City Table Review
Winter 2002

(Please note:  the text of the below review is archived on my site for promotional purposes only, as it is no longer on Larry Winfield’s website.  The original review quoted several poetry excerpts, which have been edited out for the purpose of length.)


Lollygagged and Flannel Flogged

Adam Watson

iUniverse.com, Writers Club Press, 2001

$10.95, 96 pages

ISBN 0-595-17495-7

 


 

 

Born in Kokomo, Indiana on February 7, 1974, Adam Watson lived in Las Vegas and Crete, Greece before moving with his mother to Louisville, Kentucky in 1981. His short play The Birdbath was performed at Bunbury Theatre in 1995. he is currently an English major at the University of Louisville. Lollygagged and Flannel Flogged is Adam's first published book.

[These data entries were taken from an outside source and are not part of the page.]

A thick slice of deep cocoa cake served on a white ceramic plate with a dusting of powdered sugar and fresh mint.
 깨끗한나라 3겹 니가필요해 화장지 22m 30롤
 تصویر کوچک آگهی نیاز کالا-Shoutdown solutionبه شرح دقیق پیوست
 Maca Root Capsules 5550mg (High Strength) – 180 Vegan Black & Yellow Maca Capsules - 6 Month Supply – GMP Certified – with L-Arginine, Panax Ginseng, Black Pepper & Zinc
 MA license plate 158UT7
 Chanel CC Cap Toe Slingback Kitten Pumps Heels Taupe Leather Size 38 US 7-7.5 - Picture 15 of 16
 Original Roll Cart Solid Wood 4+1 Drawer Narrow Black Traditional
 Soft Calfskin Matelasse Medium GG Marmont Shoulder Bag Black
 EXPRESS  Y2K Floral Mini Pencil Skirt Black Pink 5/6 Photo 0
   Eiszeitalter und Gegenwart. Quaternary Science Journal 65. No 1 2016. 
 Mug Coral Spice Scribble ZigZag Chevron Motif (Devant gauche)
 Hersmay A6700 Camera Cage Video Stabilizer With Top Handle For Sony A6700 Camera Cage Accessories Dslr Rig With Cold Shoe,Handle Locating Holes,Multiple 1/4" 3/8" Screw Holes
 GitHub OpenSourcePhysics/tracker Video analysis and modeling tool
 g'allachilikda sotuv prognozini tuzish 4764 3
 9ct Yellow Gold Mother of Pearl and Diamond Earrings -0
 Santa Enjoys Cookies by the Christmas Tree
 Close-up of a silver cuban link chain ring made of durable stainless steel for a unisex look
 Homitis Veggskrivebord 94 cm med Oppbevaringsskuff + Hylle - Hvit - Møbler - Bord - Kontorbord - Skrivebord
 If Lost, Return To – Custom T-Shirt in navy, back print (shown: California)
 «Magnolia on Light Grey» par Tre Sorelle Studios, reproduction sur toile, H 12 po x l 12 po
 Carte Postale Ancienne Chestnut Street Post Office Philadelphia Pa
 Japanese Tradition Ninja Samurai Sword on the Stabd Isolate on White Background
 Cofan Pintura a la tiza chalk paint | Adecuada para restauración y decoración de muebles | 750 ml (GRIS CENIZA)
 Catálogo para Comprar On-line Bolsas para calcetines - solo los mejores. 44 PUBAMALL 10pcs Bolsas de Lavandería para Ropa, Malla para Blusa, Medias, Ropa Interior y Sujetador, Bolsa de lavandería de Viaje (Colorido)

The foreword of this cool book is alone worth the price. Mr. Watson's philosophy of poetry is one that I and most of my performance poetry friends from Chicago have expounded for years - that intentional obfuscation set to verse to demonstrate high intelligence and artistic originality is bullshit, that it shows utter contempt for the reading and listening audience. I've always said that a two minute poem that requires a five minute introduction is a piece of crap, that art that must be explained is next to worthless and such precious creators need to get over their elitist, over-educated asses. So what that they get more ink space than poets who communicate to the Reader instead of down to the Reader? In the grand scheme of things, poetry is still a minor player in the art world outside of academia...sorry, but, being a saloon poet, this is a favorite rant of mine. Anyway, Mr. Watson's book is a fine collection of eclectic intelligence, poems full of inspired twists of metaphor that aren't just clever to impress, cool insights that don't push their emotions at you either. The best poems never have to wield a sledge hammer, become anthems or rabble-rousing speeches (nothing wrong with anthems, they just aren't poems...)

There are too many great poems in Adam's book to do them all justice, so, to mention just a few: poems triggering your own memories of school, friends, funerals, particular mornings-after staring at strange faces; hilarious poems about poetry; the reality and raw grind of the touring troubador's life; an intelligently erotic tale of a lap dance, told from both sides . . . The one-liners scattered throughout are gems . . .

The photos in the book, by Douglas Staley, are an excellent complement to the poems in the book; not there to illustrate any of the pieces, but as poems in their own right, sparking introspection in concert with Adam's words. Mr. Staley lives in Louisville and is currently working on an Arts degree. This is the first time his photos have been published.

This is a great book of verse, let alone being Adam's first. I look forward to reading, and hearing, his poetry in the future.